**Task to complete:** Pull out every line from the line containing "Printable Ruler How to Use Image" through the end of the material, both ends included, and reproduce it exactly. Keep pictures out.

**Data for the task:**

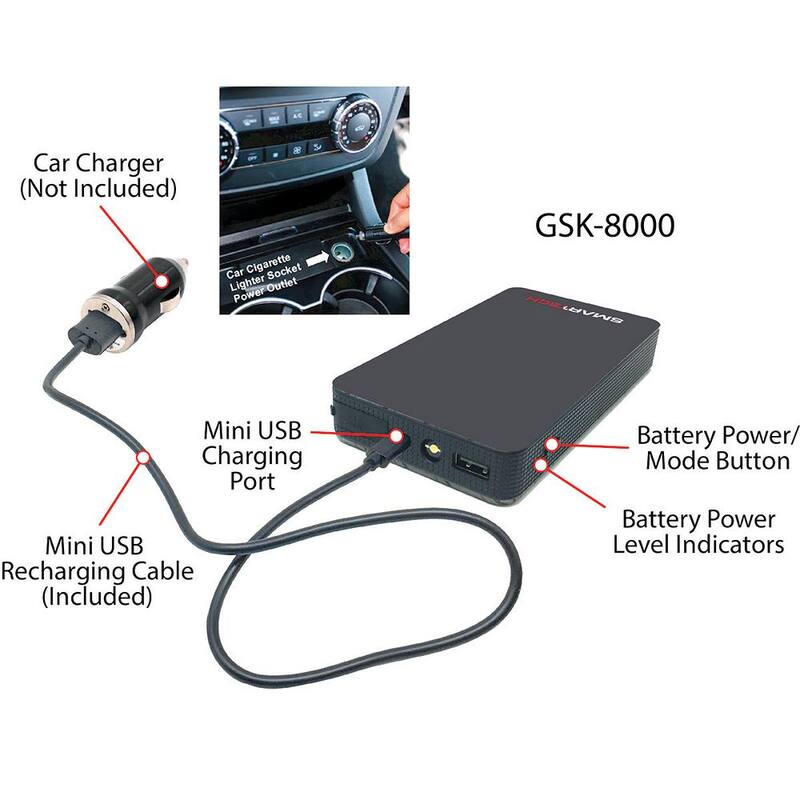 Smartech Products 8000 mAh Lithium Powered Vehicle Jump Starter and Power Bank - GSK-8000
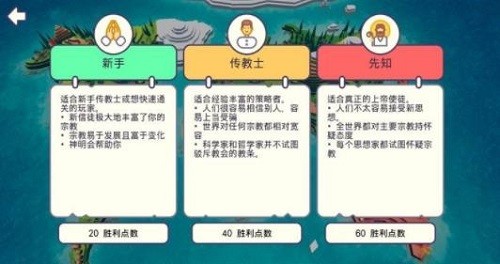 �ϵ�ģ���� (3)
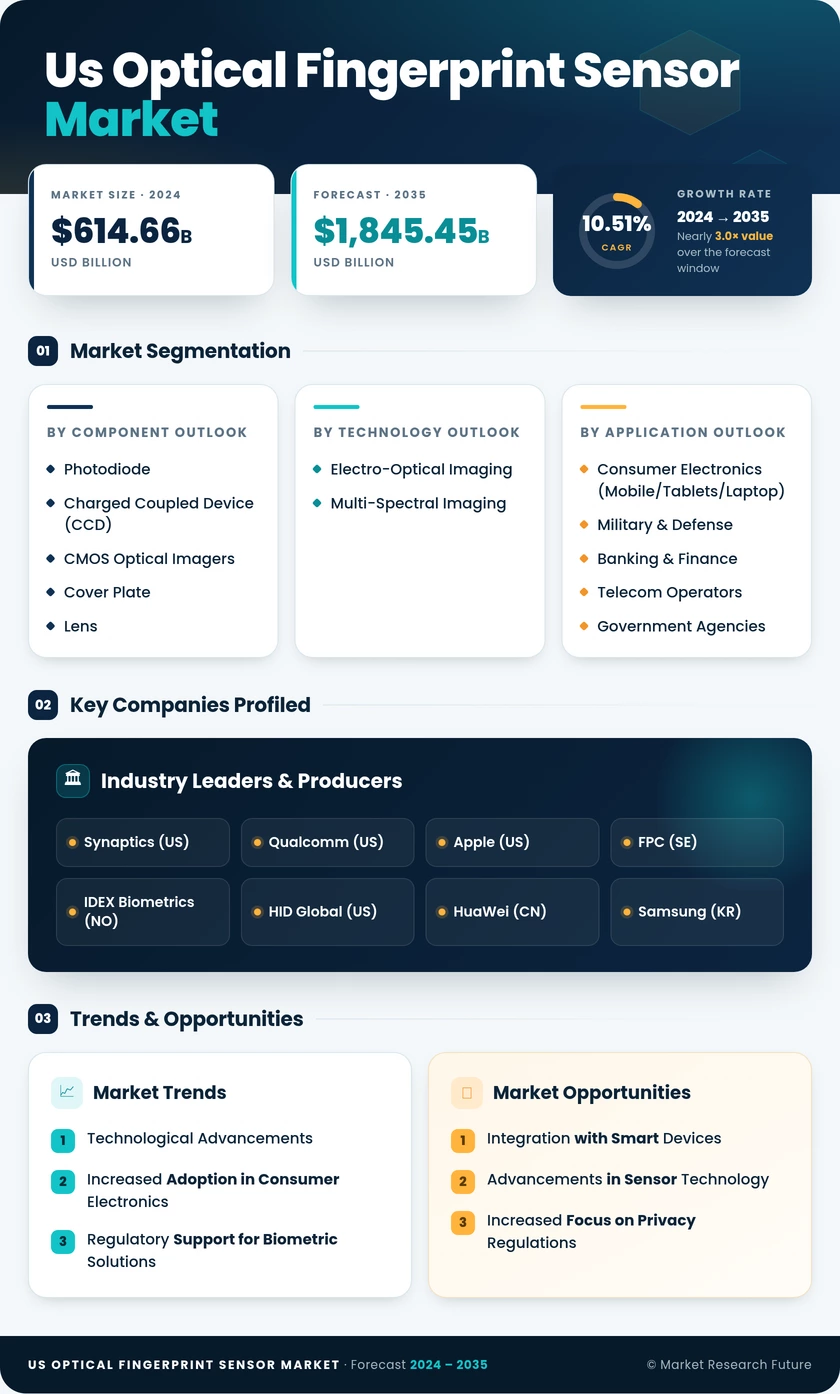 US Optical Fingerprint Sensor Market Research Report -Forecast till 2035 Infographic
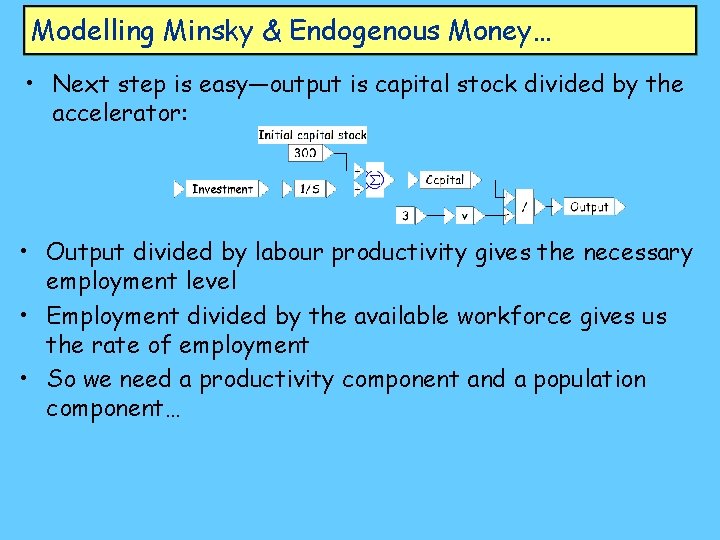 Modelling Minsky & Endogenous Money… • Next step is easy—output is capital stock divided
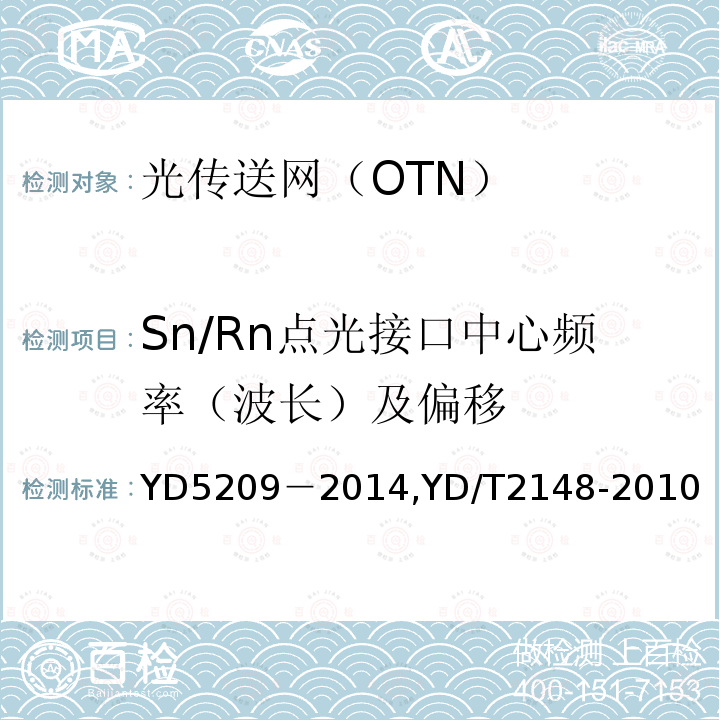 Sn/Rn点光接口中心频率（波长）及偏移 光传送网(OTN)工程验收暂行规定 光传送网（OTN）测试方法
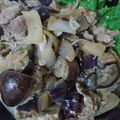 Ｍぱん's cooksnap of when they made なすとエリンギと豚肉のこってりマヨ醤油炒.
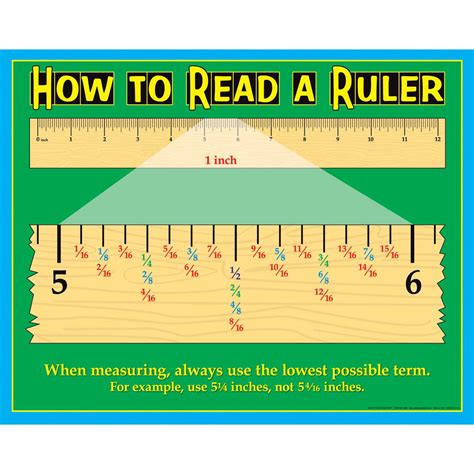 Printable Ruler How to Use Image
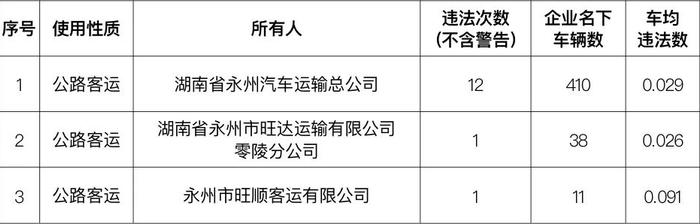 春节期间永州交通违法大曝光，你上榜了吗？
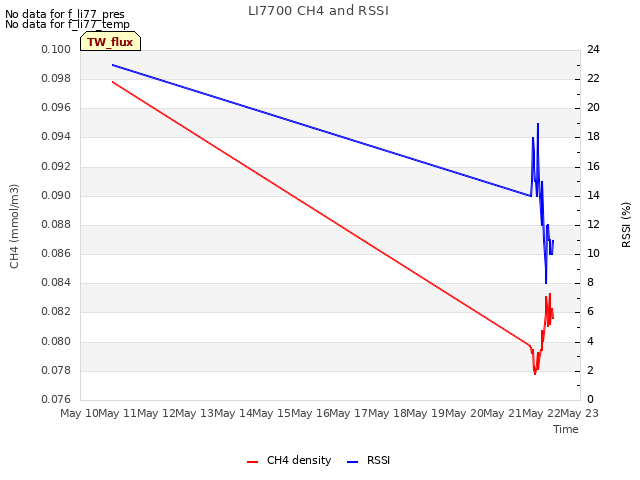 plot of LI7700 CH4 and RSSI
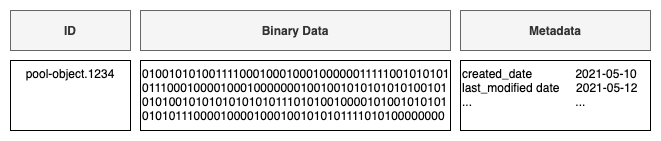 glue-osd-storing-data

**Response to the exercise:**
 Printable Ruler How to Use Image
 春节期间永州交通违法大曝光，你上榜了吗？
 plot of LI7700 CH4 and RSSI
 glue-osd-storing-data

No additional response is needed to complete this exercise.